Four years ago, the race never seemed to stray too far from Baltimore. Both campaigns set up headquarters in that region. The only two debates of the contest were held there. And it's where most of the negative TV ads ran. Ehrlich, a former Baltimore area congressman who was then the incumbent, pummeled O'Malley about his tenure as the city's mayor.

This year, Ehrlich will enter the race with hopes of improving dramatically on his dismal 2006 showing in voter-rich and heavily Democratic Montgomery and Prince George's counties, which together are home to nearly one in three Maryland voters.

The 110,000 independent voters in Montgomery -- nearly a quarter of all of the state's independents -- are attractive targets at a time when Republicans have appealed to similar blocs to win races in Massachusetts and other blue states. Ehrlich advisers say they think he can also pick up significantly more votes than in 2006 among Montgomery's white men, his strongest demographic statewide four years ago.

Ehrlich plans to aggressively appeal to the small-business community, including Montgomery's high-tech sector, which he says has been stifled by tax increases and other initiatives backed by O'Malley and the Democratic-dominated legislature.

O'Malley's biggest challenge might be to replicate his success in Prince George's, where voters angry at President George W. Bush turned out in droves in 2006, delivering nearly 79 percent of the county's total votes.

Democratic registration in the county has risen, but it remains to be seen whether O'Malley can generate the same excitement this year. A hotly contested race for the Prince George's executive will essentially have been resolved by September's Democratic primary, and some leaders in the majority African American county have been slow to rally behind O'Malley.
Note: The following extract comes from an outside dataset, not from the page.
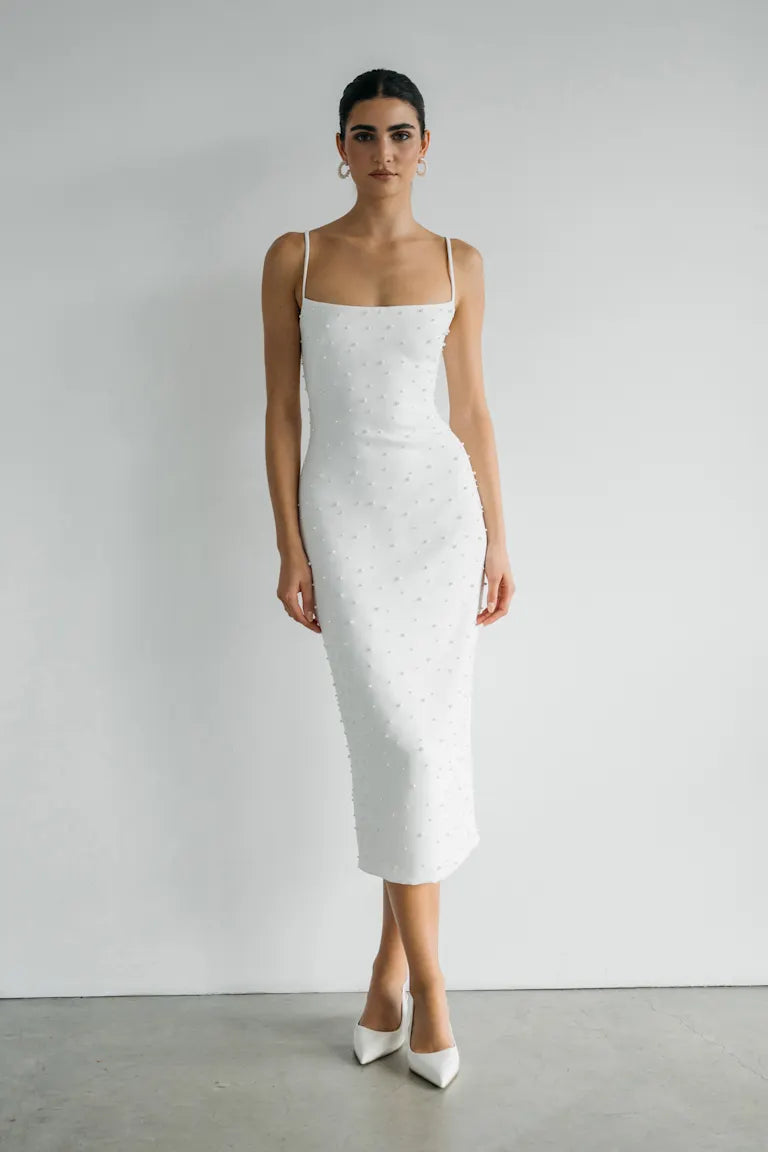 Jenny Yoo Little White Dress Oksana | Bella Bridesmaids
O'Malley aides say his campaign is preparing to aggressively promote Maryland's new early-voting law, which provides a six-day window to cast ballots before Election Day, in an effort to bolster Democratic turnout.

That is just one way that aides say they hope to capitalize on multimillion-dollar war chests built by O'Malley and the state Democratic Party in the past four years, a period in which Ehrlich has been idle and the Maryland GOP has struggled to stay afloat financially. O'Malley aides also hint that President Obama could make multiple appearances with the governor during his campaign.

"We will spend a lot of time there," Ehrlich said of the Washington area, where he said he plans to emphasize traffic, jobs and economic development. "You don't have to be a political scientist to figure out that Montgomery and Prince George's and Howard are vote-rich and that voters there are very sophisticated."

At a recent gathering of Montgomery Republicans, a top Ehrlich adviser told the group that Ehrlich considers the county a linchpin in his campaign. There is wide speculation that he could pick a running mate from Montgomery.